I couldn't motivate myself to get out into the garden today, even though apart from one short and phenomenally sharp shower it was mostly dry for the rest of the day.  The garden looked so sodden and uninviting, after yet more heavy rain overnight, and the top part of the garden where the soil is lightest and easiest to work is also worst sheltered from the wind, which was fierce.  I could have crawled around on the gravel, weeding the Italian garden, wind-induced tears dropping on my spectacles, but frankly I couldn't face it.

The poor Genista aetnensis in the turning circle catches the full brunt of the wind, and is gradually leaning at more and more of an angle.  It has always insisted on growing as a multi stemmed shrub, instead of forming a graceful tree like the ones in the Chatto Gardens, and each year I cut out as many stems as I dare.  This year I'll have to take out the most lopsided, downwind ones, but I'm more worried about what is happening below ground to the roots.

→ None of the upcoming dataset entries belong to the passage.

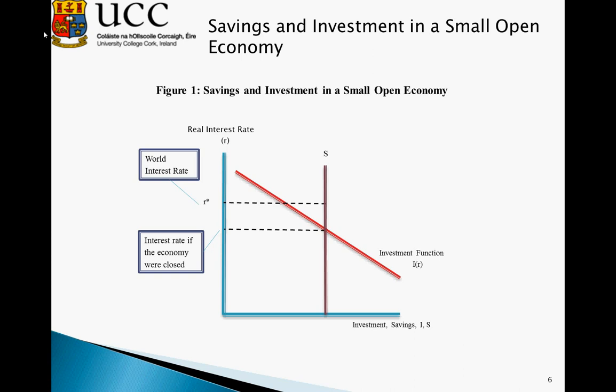That concludes this tutorial. Further tutorials give examples of how fiscal policy can impact on savings and investment, and subsequently on our trade balance.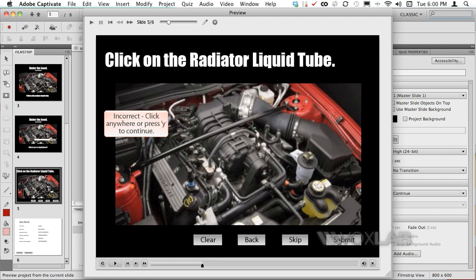In this case Captivate will tell me that I've clicked on the incorrect spot and will ask me to click anywhere else or otherwise Y on my keyboard in order to continue.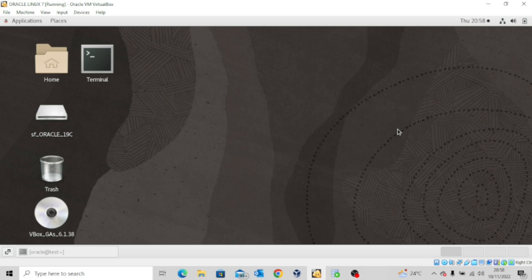In today's lesson, we are going to look at how to unplug and plug a pluggable database.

I made some more bread, and even though I started at half past eight, a full hour earlier than last time, it still wasn't ready until half an hour after our usual lunchtime of one o'clock.  Frankly the timing of bread making is still rather a mystery, though the finished loaf was very nice once it was finally done.  Also I made vegetable soup, which is a good occupation for a day when you are stuck indoors, cutting carrots, onions, turnip, potato and celery into tiny dice.  Twenty minutes before serving I thought I'd blown it and been far too heavy handed with the mixed herbs, but then the flavours miraculously melded.  The final addition of some broad beans and peas out of the freezer seemed to help.  While I was at it I prepped the vegetables for tonight's stew, which has been simmering all day in the cool side of the Aga, an experiment in making something sold as 'stewing steak' acceptably tender.  The term is rather ominous, but what's the point of having a slow-cook facility constantly on the go if you aren't going to use it to render cheap cuts of beef edible?

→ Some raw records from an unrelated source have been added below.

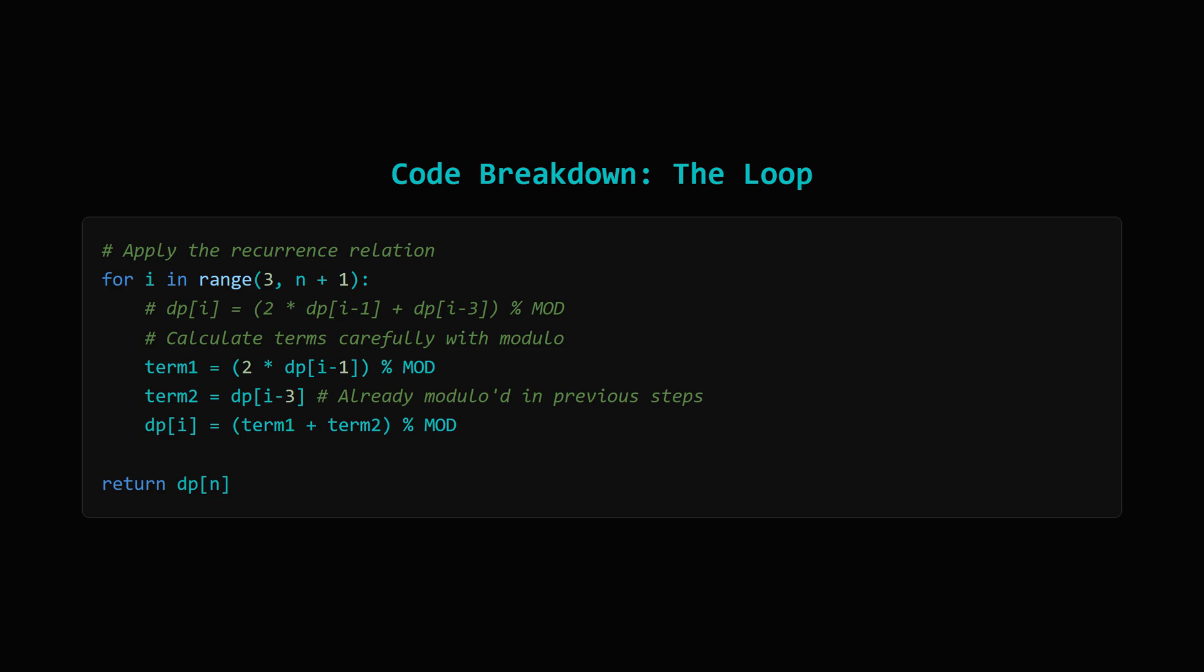Now for the main part, the loop. It starts at index 3 because we've already handled 0, 1, and 2. It goes all the way up to n. Inside, we calculate dp[i] using the recurrence dp[i] equals 2*dp[i-1] plus dp[i-3]. Notice how we apply the modulo operation. We calculate 2 times dp[i-1], modulo MOD, then add dp[i-3], which is already a result modulo MOD from a previous step, and finally take the modulo of the sum. This prevents the numbers from getting too big at each step. After the loop finishes, dp[n] holds our final answer.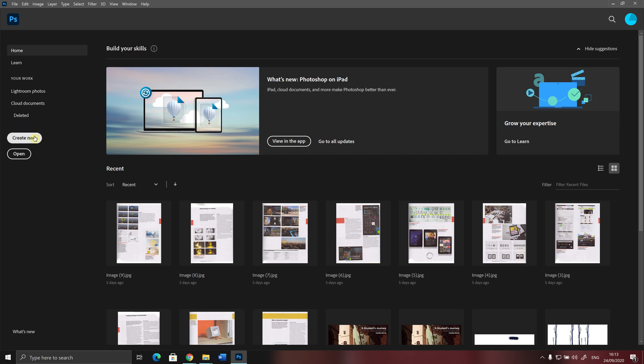The Create New button allows you to create a new document and start working from scratch. And if you click on the Open button, you will have access to the files that you have previously created in Adobe Photoshop, and you can continue working on those files.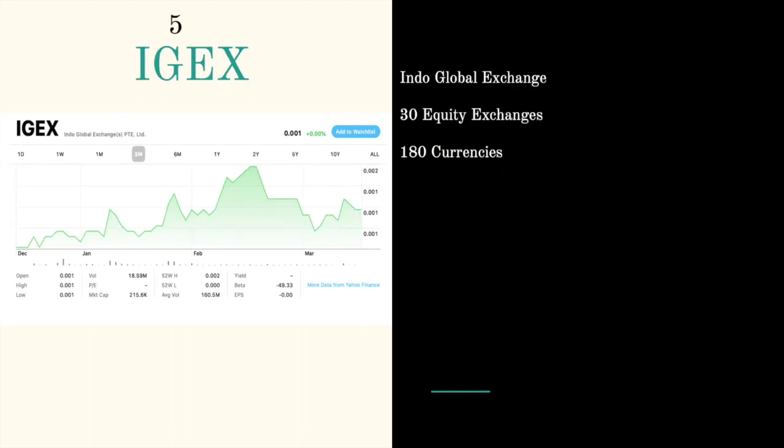Next ticker symbol is IGEX, Global Exchange, trading at triple zero nine. They are an exchange platform involved with 30 equity exchanges and 180 currencies. It's a platform where you can exchange, buy and sell, trade stocks and currencies from 180 different countries.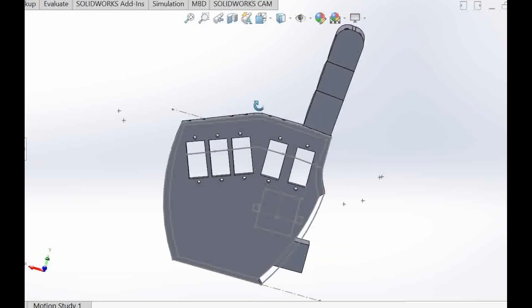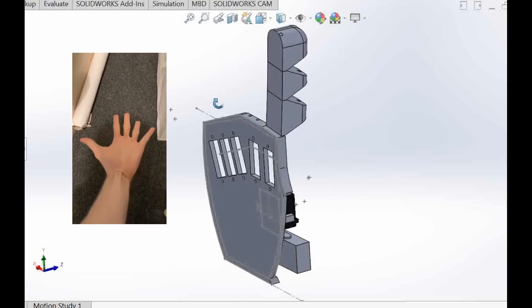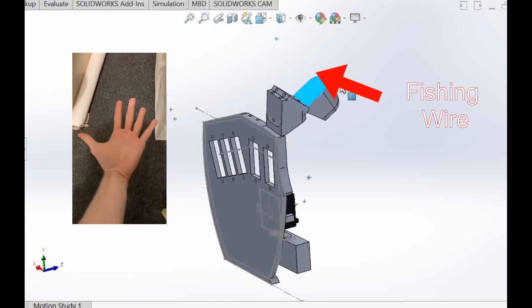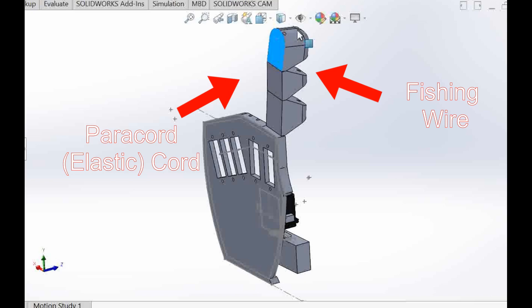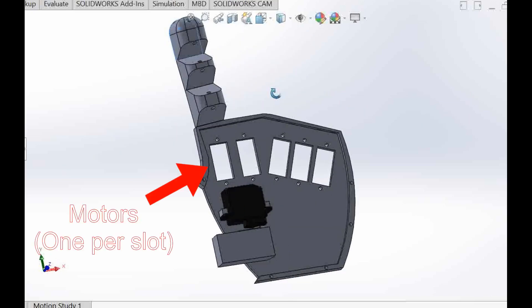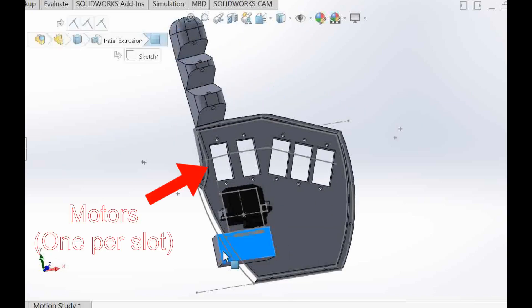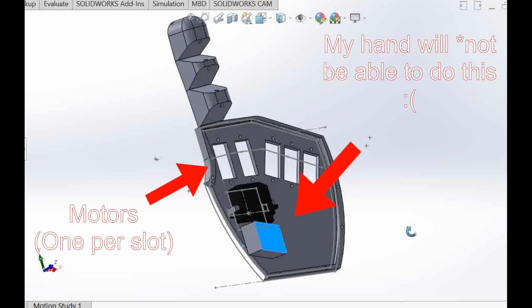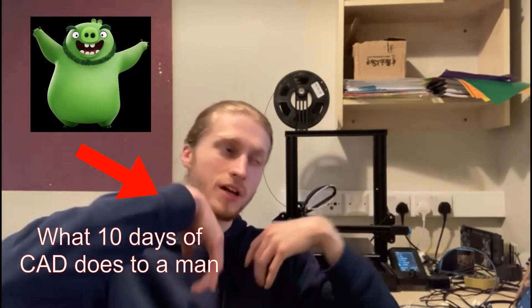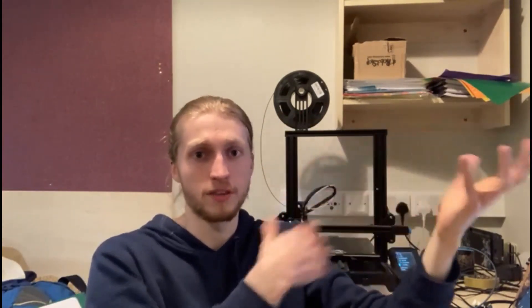In a real hand, muscles pull tendons. To replicate this, I will use fishing wire and elastic cord that runs along these parts of the fingers. Motors will sit in this part of the hand. Each finger will have a respective motor. So with the design in a pretty good place now, I just want to quickly test if my whole idea with the paracord and the pulling the fishing wire with the finger actually is going to work. So I'm going to print off the thumb, as you can probably hear my 3D printer's on.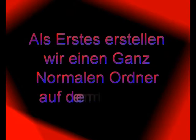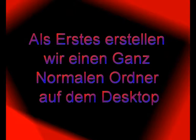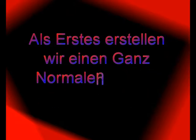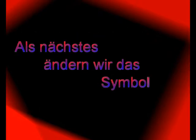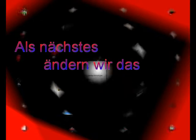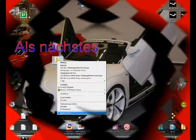You spin my head right round, right round when you go down, when you go down, down. You spin my head right round, right round when you go down, when you go down, down.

The Systems Administrator watched the racing at Newbury.  I was amazed that was even on, since my image of the Home Counties is of them gradually disappearing under water.  Apparently the fences are moved around to spread the wear across the grass, but even so the horses were coming in so muddy that the jockey's colours were undetectable under the all-enveloping spray of filth.  The SA has now moved on to watch England v Scotland in the Six Nations at Murrayfield, and since the main pre-match news seemed to be that the pitch was suffering badly from worm casts, that is presumably equally muddy.

I feel as though we are beginning to exist in a state of limbo.  We seem to be over the worst of our colds (though they have been so persistent that I hesitate to write that, in case it invites yet another relapse) but it feels premature to try and arrange to see anybody or do anything.  With reports of cars being swept away in the Hadhams, and floods of sewage in Saffron Walden, I feel like staying close to home and travelling on familiar roads.  I am even wary of the trains, in case landslips or falling trees leave me stranded and waiting for an uncertain replacement bus service fifty miles from home.

Looking on the bright side,  if this carries on our olive tree, which has shrunk in each of the past three cold winters, might finally grow back to the size it was when we bought it.